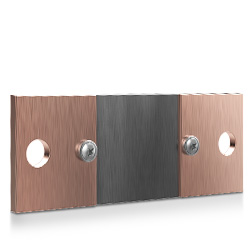 DC Shunt 500A model.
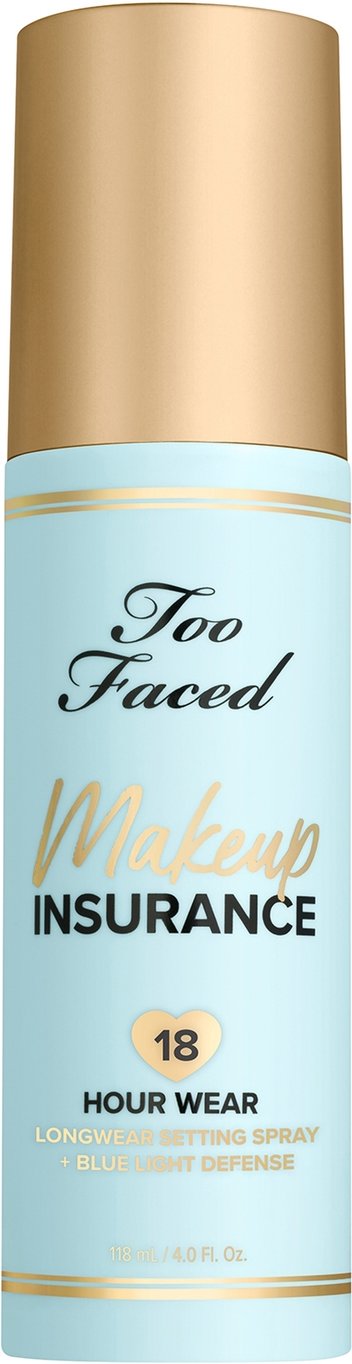 Too Faced Makeup Insurance Setting Spray 118ml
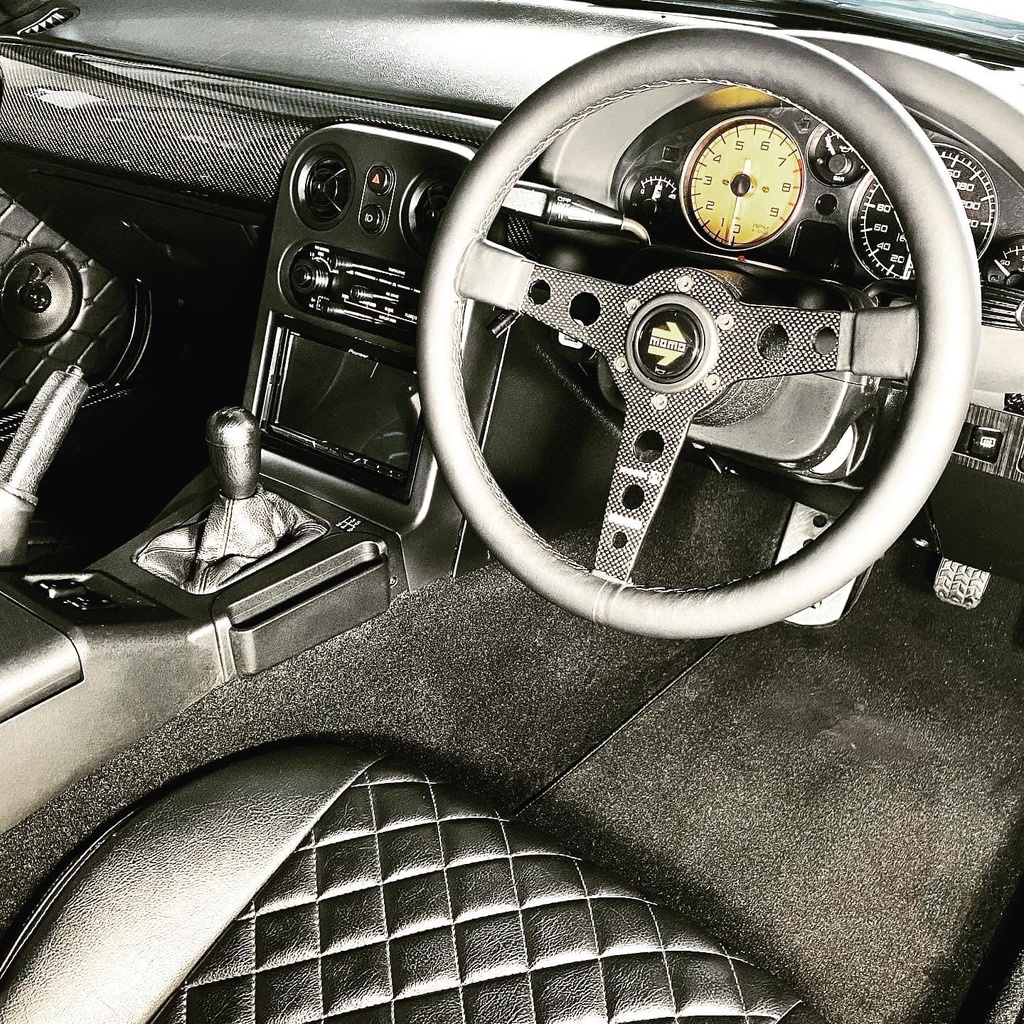 LHD Dash Trims For Miata NA/Mk1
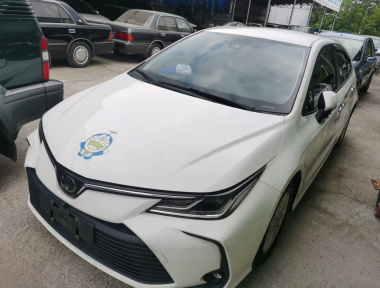 Toyota Corolla 2021 imagen de coche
========
- [Work instruction]
Retype all the data exactly; skip the pictures.

- [Result below]
 DC Shunt 500A model.
 Too Faced Makeup Insurance Setting Spray 118ml
 LHD Dash Trims For Miata NA/Mk1
 Toyota Corolla 2021 imagen de coche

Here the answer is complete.